The whole Libyan affair was choreographed in a way that actually resembles the management of Iraq following the March 2003 invasion. Western powers purported to serve as the enforcers of international law, with the altruistic aim of ridding the world of vile dictators who ‘kill their own people'. But the situation in Libya is apparently less manageable than anticipated.
It turned out that ‘mission accomplished' in Libya was yet another hoax. The result is no less devastating than what transpired in Iraq.
The current situation in Libya is promising a multi-layered conflict involving numerous militias, tribes and factions, all organised around ideological, familial and political objectives that are unique to Libya itself.
The war on Libya has empowered some parties and given them the chance to settle scores. This is highlighted in the current violence in Bani Walid, which saw widespread killings and tortures of those accused of being loyalists of Muammar Gaddafi.
All it takes for one militia to justify its onslaught against any town in Libya is to declare that it hosts Gaddafi loyalists. This was the case in Bani Walid, one of the last cities to surrender. The denunciation is enough to render every act of aggression and torture somehow acceptable by Arab and western media alike. The NTC is merely choosing sides to ensure that emerging powerful militias remain loyal to it, even if only verbally.
All of this goes against Nato's initial calculations. Nato had hoped that a strong NTC, backed by well-controlled militias, would eventually merge to become the country's next government and national army. This didn't happen. The NTC was organised haphazardly without a real popular mandate, while the militias are still in their trenches to ensure that future Libya will not be dismissive of their tribes, cities and factional interests. It is a recipe for a civil war.
The situation worsened as rights groups issued stinging criticism of the dire situation in Libyan prisons. Amnesty International spoke of inmates dying under torture. In Davos, The UN High Commissioner for Human Rights, Navi Pillay, told Associated Press that various militias hold up to 8,000 prisoners in 60 detention centres around the country. In these centres, "there's torture, extrajudicial executions, rape of both men and women".
The Nato allies are concerned, of course. If the Libyan model — regime change from the air — completely fails, their military adventurism in the Middle East will suffer yet another setback. More, the unfolding of the Libyan travesty will continue to reawaken allegations of serious war crimes committed by Nato itself, who supposedly unleashed the war on Libya "to protect civilians and civilian populated areas under threat of attack".

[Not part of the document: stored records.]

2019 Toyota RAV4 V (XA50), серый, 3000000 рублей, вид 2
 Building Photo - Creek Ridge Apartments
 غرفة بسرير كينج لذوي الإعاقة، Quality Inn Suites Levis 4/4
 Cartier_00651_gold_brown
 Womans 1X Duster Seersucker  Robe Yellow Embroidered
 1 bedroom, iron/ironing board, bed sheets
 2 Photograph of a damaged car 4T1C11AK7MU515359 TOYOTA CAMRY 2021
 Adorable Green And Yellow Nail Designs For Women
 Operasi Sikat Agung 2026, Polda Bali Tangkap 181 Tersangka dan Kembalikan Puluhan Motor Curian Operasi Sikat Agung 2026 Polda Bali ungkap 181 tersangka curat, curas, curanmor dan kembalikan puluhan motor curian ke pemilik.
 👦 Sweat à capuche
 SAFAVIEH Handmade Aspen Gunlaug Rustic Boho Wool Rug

The Nato war on Libya was commanded by a Canadian, Lt Gen Charles Bouchard. Last June, Canadian Foreign Affairs Minister John Baird was quoted as saying that Libya should not be expected to go from "Gaddafi to Thomas Jefferson". He failed to elaborate on what kind of democracy Nato intended to achieve with its 9,600-strikes mission.
To berate Libyans for failing to adhere to human rights is brazen hypocrisy, especially as many of Nato victims are still not fully counted for. The behaviour of militias, and the unrepresentative NTC are simply a continuation of the very violent legacy set forth by the very Nato countries that are demanding accountability, democracy and the rule of law.